Commit Initiated by Coordinator #

  • The transaction tree is activated when the client-server relationship completes its action.
  • The coordinator initiates the termination of a transaction, either as a commit or abort, and communicates this to its subordinates.
  • Different commit protocols can be used depending on the criticality of states and the nature of breadcrumbs left behind at different sites (e.g., persistent servers may need a two-phase commit protocol, while a window manager may only need a one-phase commit protocol).

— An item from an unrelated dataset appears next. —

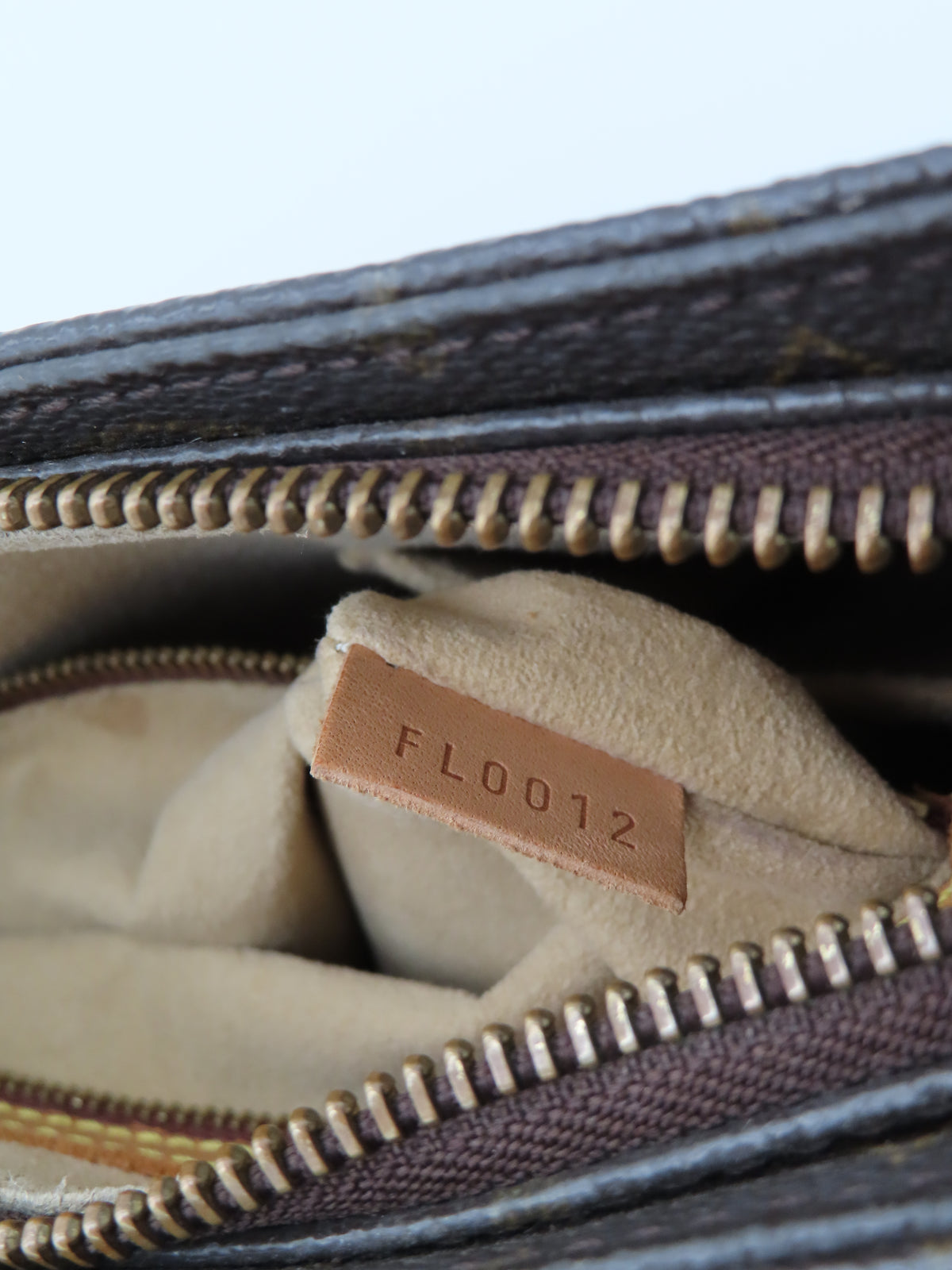 Louis Vuitton Looping MM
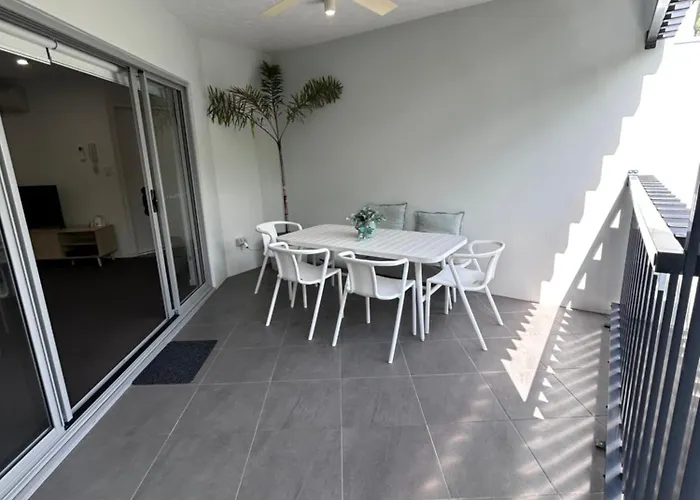 Location, Location, Location - Very Large Apartment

Upshot of Bundling IPC and Recovery #

  • Bundling IPC and recovery management allows services to safely collect breadcrumbs left behind at all touched locations (e.g., memory, file handles, communication handles, windows on display).
  • No extra communication is needed for recovery management, as the transaction tree leverages IPC for communication.
  • Services can choose recovery management policies and mechanisms based on their specific requirements, with Quicksilver offering a variety of options.

Implementation Notes #

  • Log maintenance is essential in Quicksilver for recording and recovering persistent state.
  • Transaction managers write log records for persistent state recovery and periodically force in-memory log segments to storage for persistence.
  • The frequency of log force impacts performance and can be initiated by applications, but services must be careful in their choice of mechanisms to balance performance and recovery requirements.

Quicksilver Conclusion #

  • Quicksilver demonstrates the enduring nature of using transactions for state recovery in operating systems, with ideas finding resurgence in LRVM and other research systems like Texas.
  • While commercial operating systems prioritize performance, reliability is often overlooked, leading to potential data loss in system crashes.
  • The emergence of storage class memories, which combine DRAM-like latency with non-volatile properties, may lead to a renewed interest in transactions for operating systems in the future.